Any athlete, other than Michael Jordan who is still attempting to crush his enemies and friends, will eventually tell you that winning is great, but what they miss when they can no longer play is being part of the team. That’s why many hang around too long.  They know they can’t do it anymore, but they need that team.  The smarter of them will move to coaching, the smartest to the front office.  The dumb but really good will eat forever on faded glory. When you see one of these in their 60’s you realize your crumbs of adulation mean more to them to fill that void than they mean to you as a curiosity. It is the rare athlete that figures out how to fill that void in other ways. Roger Staubach never had that void being the Navy man. Barry Sanders didn’t need it and even left early while he could still walk. Philip Rivers for me was always a fascinating case. Our sports press is terrible around religion.  They are a bunch of atheists covering usually a group of believers and so don’t get it.  Rivers never won a Super Bowl.  Those Chargers teams with Ladanian Tomlinson and Junio Seau and a bunch of other names were great.  They should have won 2, maybe 3. Most athletes the never-was would eat up.  Seau died early. Rivers is accepting.  I’ve only seen one reporter ask him this question. And Rivers points at his wife and 9 kids and his faith.  That void is more than filled.

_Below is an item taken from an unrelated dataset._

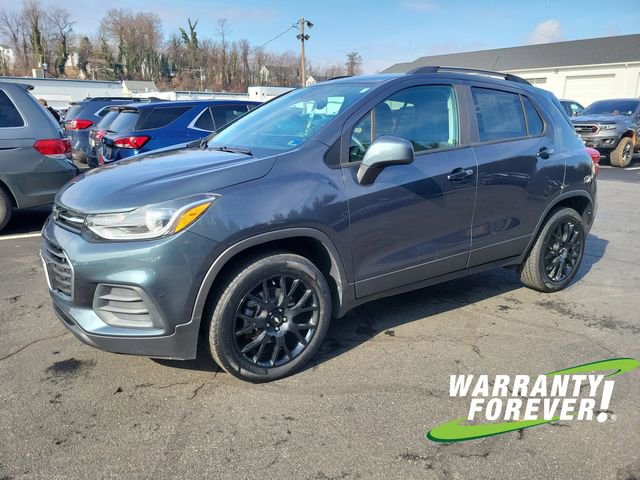 Used 2022 Chevrolet Trax LT w/ Premium Seat Package image 3
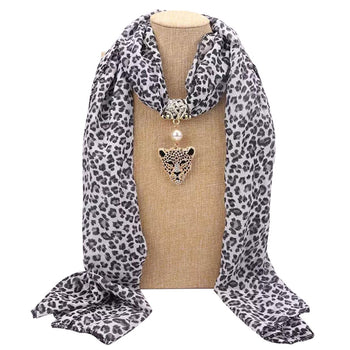 RHINESTONE LEOPARD PENDANT SCARF NECKLACE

That is the place where Leah eventually gets to.  She will have a relapse or two.  Sin is tough, we all do.  But after her 4th son Leah says, “This time I will praise the LORD.”  That child was Judah who would be the heir of the promise.  Leah had been trying to fill the void with a competition she would never win.  And even if she did – and you can argue that she did – it still wouldn’t or didn’t fill the void. Augustine’s famous quote is that we are restless until we find our rest in thee. His confessions are one long tale of competition that never fills the void.  Of stealing pears because he could, but not even eating them. But then finding what fills it.

Finding God, as Leah found out, doesn’t necessarily end the competition. We might even get pulled back into sinful ways of competition.  But when that void is full, we can be happy warriors. The victory is ours. Whether today we win or lose, that distant triumph song steals on the ear.  And hearts are brave and arms are strong.  Hail to Pitt, today at least!